Start of Data under study

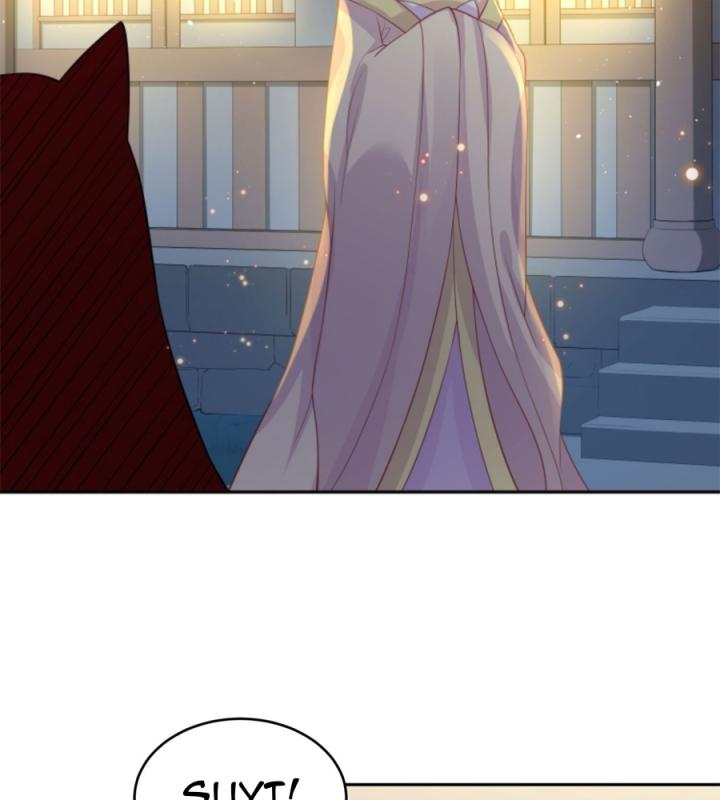 Hồ Ly Tinh Của Trẫm Chapter 48 - Trang 2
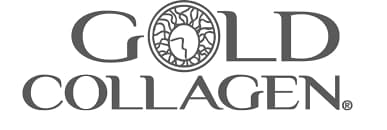 Logo of Gold Collagen
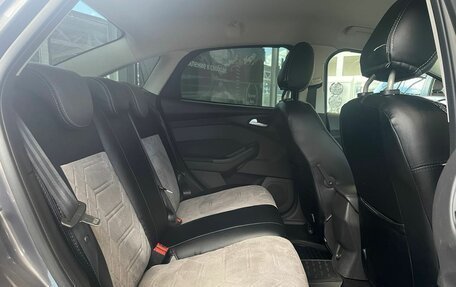 Ford Focus III, 2013 год, 890 000 рублей, 24 фотография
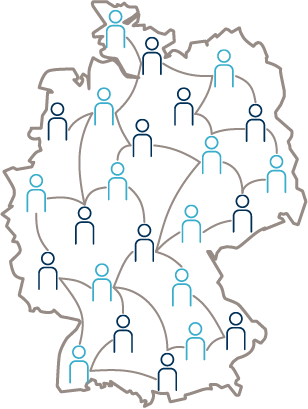 Wir helfen beim Kredit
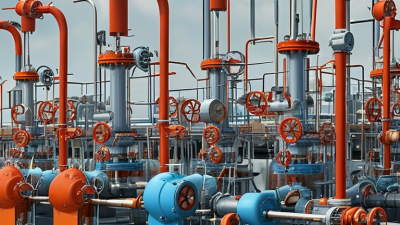 2026 Top Vertical Pumps for Global Buyers How to Choose?
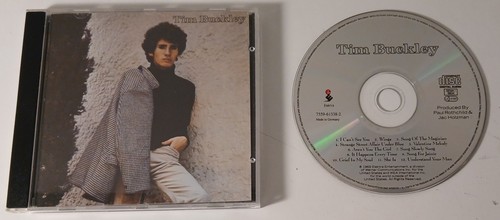 Tim buckley - tim,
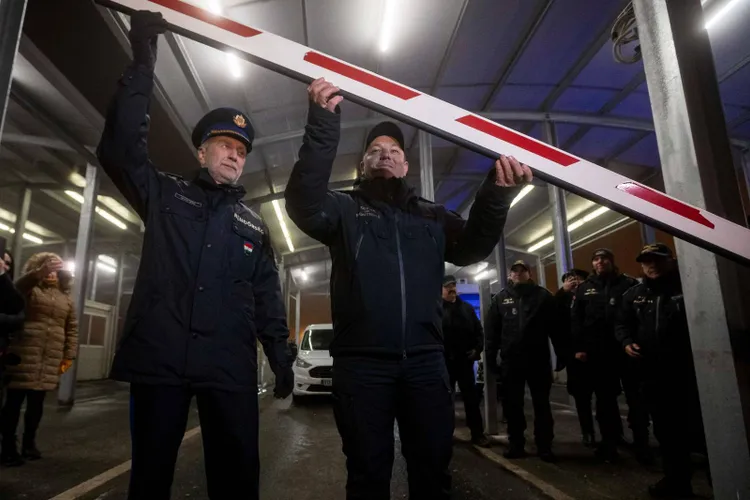 Schengen aduce clienți maghiari în România (sursa: Inquam Photos/Virgil Simonescu)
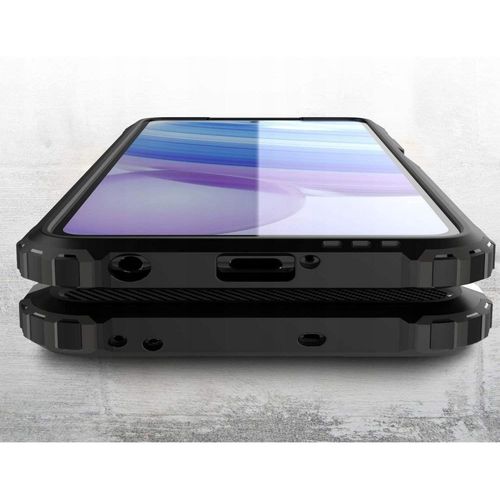 Etui Xarmor do Xiaomi Poco X3 Pro / X3 NFC Black na Arena.pl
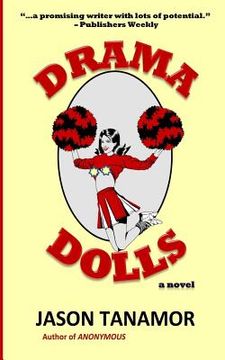 portada Drama Dolls (en Inglés)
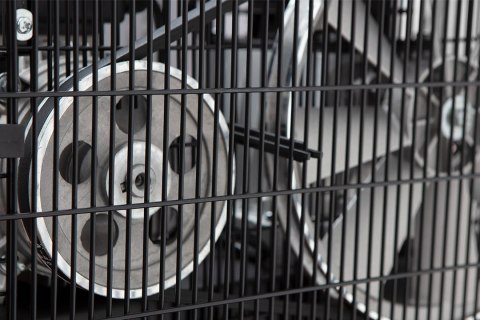 Kompresor olejowy 150 l, 230V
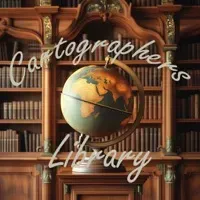 Cartographers Library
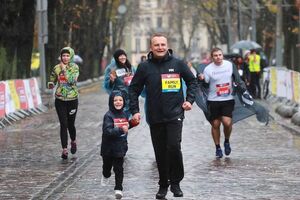 Садовый больше не участвует в президентской гонке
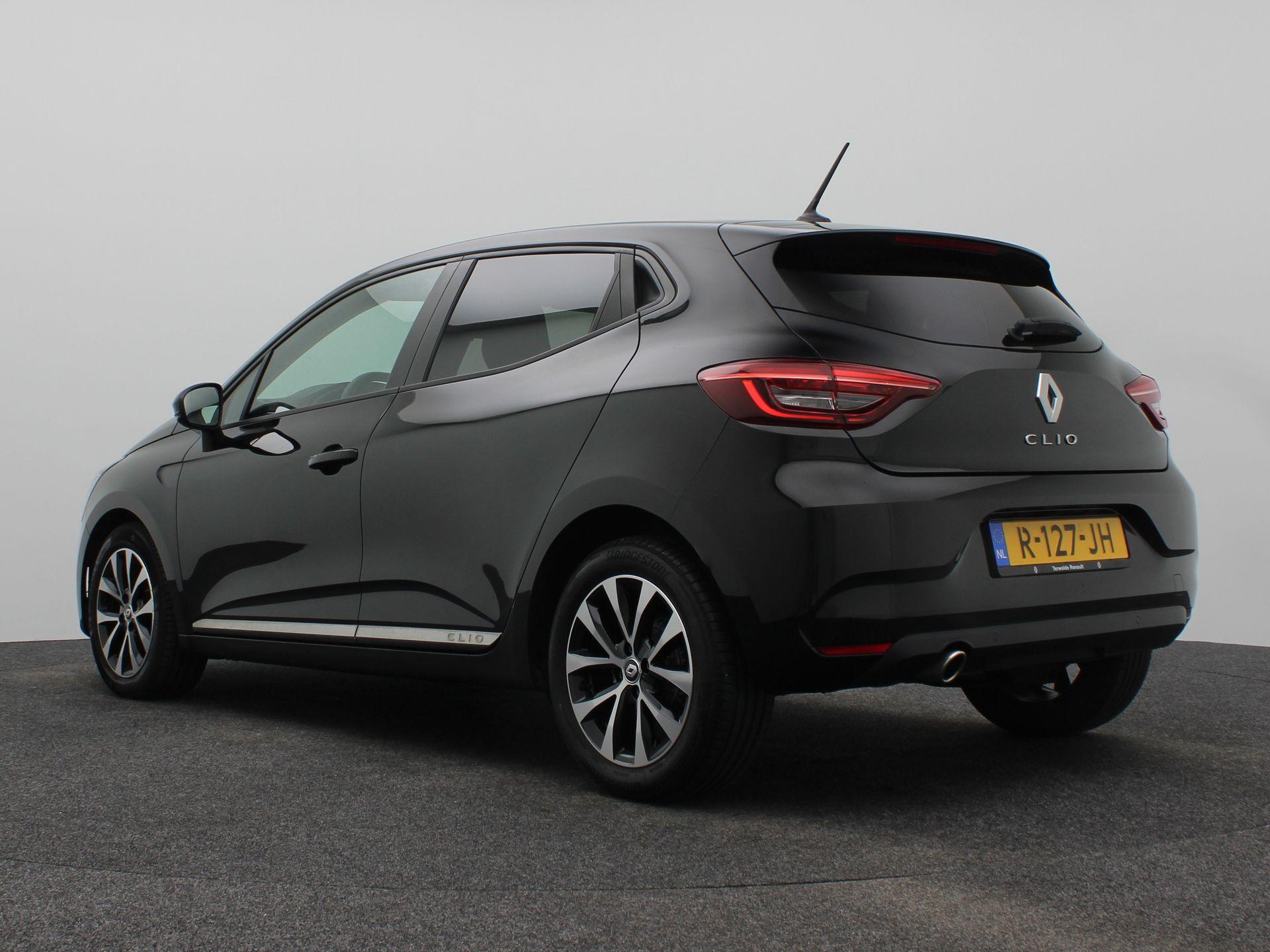 Renault Clio TCe 90 GPF Zen - Afbeelding 4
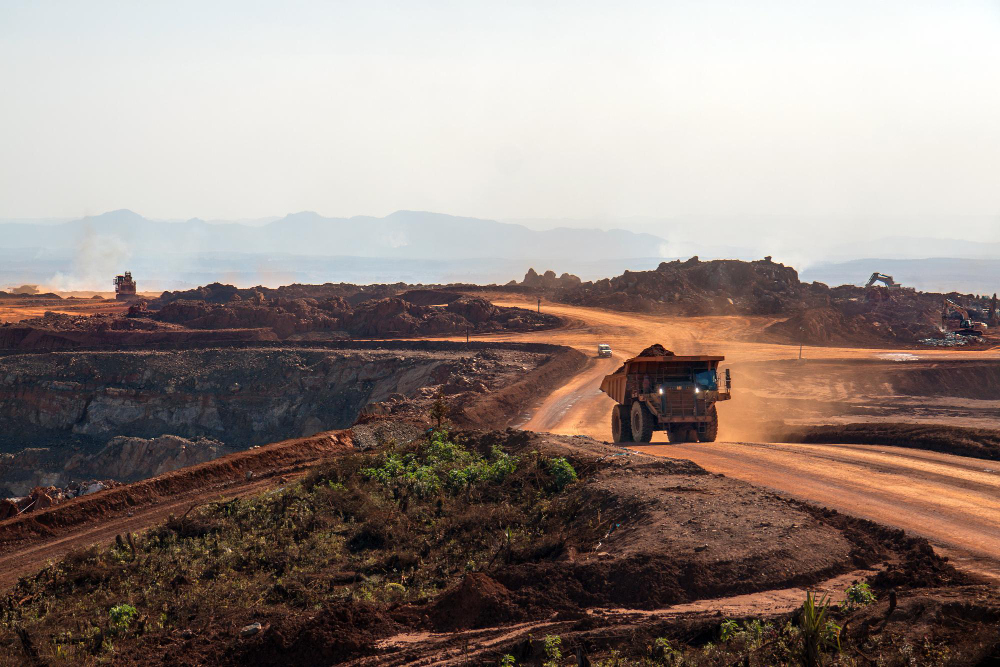 Brazil’s House of Representatives approves national policy on critical and strategic minerals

End of Data under study

* [Exercise details] Copy every line above exactly, leaving no picture in the copy.

* [Answer to this exercise]
 Hồ Ly Tinh Của Trẫm Chapter 48 - Trang 2
 Logo of Gold Collagen
 Ford Focus III, 2013 год, 890 000 рублей, 24 фотография
 Wir helfen beim Kredit
 2026 Top Vertical Pumps for Global Buyers How to Choose?
 Tim buckley - tim,
 Schengen aduce clienți maghiari în România (sursa: Inquam Photos/Virgil Simonescu)
 Etui Xarmor do Xiaomi Poco X3 Pro / X3 NFC Black na Arena.pl
 portada Drama Dolls (en Inglés)
 Kompresor olejowy 150 l, 230V
 Cartographers Library
 Садовый больше не участвует в президентской гонке
 Renault Clio TCe 90 GPF Zen - Afbeelding 4
 Brazil’s House of Representatives approves national policy on critical and strategic minerals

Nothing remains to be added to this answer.